From his time as a college cheerleader and member of Sigma Tau Gamma at the University of Southern Indiana to his career as head swim coach at F.J. Reitz High School, Dave Baumeyer’s journey to coaching the record-breaking Olympian Lilly King was anything but ordinary.
Lilly King graduated from F.J. Reitz High School in 2015, has continued her swimming career at Indiana University Bloomington and will represent the United States as member of the U.S. Swim Team during the 2016 Summer Olympics in Rio de Janeiro, Brazil, where she’s a favorite to bring home a medal.
With little knowledge of swimming technique, the breaststroke in particular, Baumeyer, a 1980 USI graduate with a degree in business, was tapped as Reitz head swim coach in 2001. He was working for the Evansville Courier & Press at the time, a career he’s held for 39 years, and where he now serves as transportation manager.
He wasn’t tapped for his knowledge of swimming technique, in fact he’d never coached swimming in his life. He’d played a little baseball in high school and was on his fraternity’s flag football and basketball teams. He’d dabbled in bowling and more recently had become a decent amateur triathlete. He had thought about coaching—football was where his aspirations lay—but his work schedule never allowed it.
When running partner Greg Gee called from Reitz one day to ask him to apply for the open swim coach position, his first answer was no. He just didn’t feel he had the experience. But after a few weeks went by, he saw the position was still open, and Gee called a second time. This time he applied, and to his surprise, he got the job. The principal at the time told him it wasn’t just about swimming. As important, was how you interact with the kids, and they thought he would be a good fit.

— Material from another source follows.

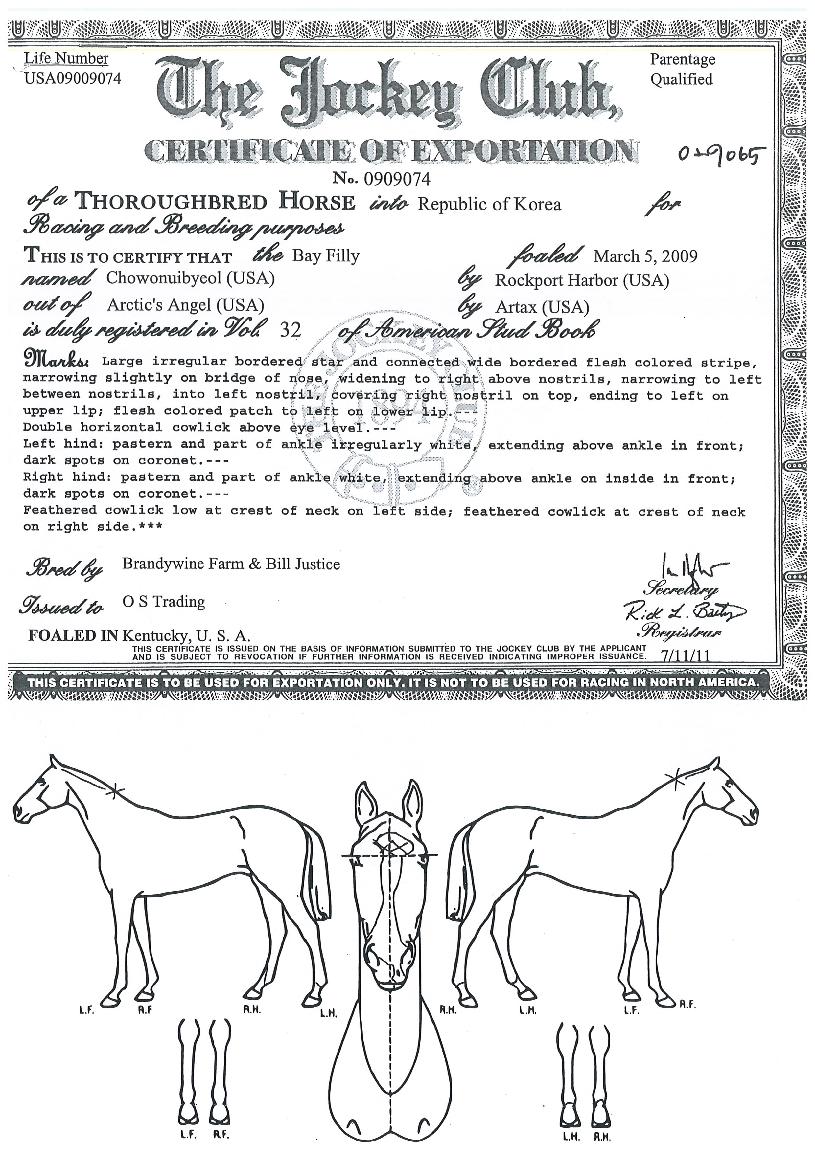 �ʿ��Ǻ��� ����,���,�޸�,�λ�,�ٸ��� Ư¡����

Not knowing what he was getting into, he read books, watched lots of videos and soaked up anything he could get his hands on about swimming. He had an assistant coach that he learned a lot from, and he worked with the girls’ team coach at Reitz. “It’s a learning process that has lasted 16 years,” he says. “You never quit learning, I’m still learning to this day.”
Being an effective communicator is Baumeyer’s secret ingredient—his encouraging words create a welcoming and inclusive environment for all members of his swim team—he’s always reminding them that if they aren’t having fun, they’re in the wrong place. That inclusive atmosphere he encouraged in the pool spread among team members, especially a 15-year-old Lilly King.
“She wasn’t all about Lilly, said Baumeyer. “I would ask her to take some time from practice to help other kids, and she was always up for it. She would take time out of her own practice to help her team members with their stroke techniques.” Her teammates weren’t the only ones that the Olympian left a lasting impression on. “She’s hardworking, focused and determined,” said Baumeyer. “Nothing would surprise me with her.”
Watching King grow as an individual and as a swimmer at Lloyd Pool in Evansville; winning the 100- and 200-meter breaststroke at the 2016 U.S. Olympic Trails in Omaha, Nebraska, in front of a crowd of 15,000; and now representing the United States in the 2016 Summer Olympics in Rio de Janeiro, Baumeyer is always cheering for his hometown hero—the selfless swimmer that he once yelled poolside words of encouragement to.
And, the entire Evansville community is rooting for their local Olympic athlete. “They’re excited because she isn’t just another Olympic swimmer. She was a kid that swam at their local pool, and now she’s an Olympian,” he said.
For now, Baumeyer is letting King focus on bringing home the gold, but he’s stayed in contact with her to remind her that her hometown is rooting for her, and to have fun and swim fast.
Lilly King will compete in the Women’s 100m breaststroke on Sunday, August 7, and the Women’s 200m breaststroke Wednesday, August 10. Meanwhile, Baumeyer is preparing for his 17th year of coaching at Reitz. A new year means a new team, and new talent he can groom and instill with his words of encouragement. Who knows, there may be a future Olympian in the bunch.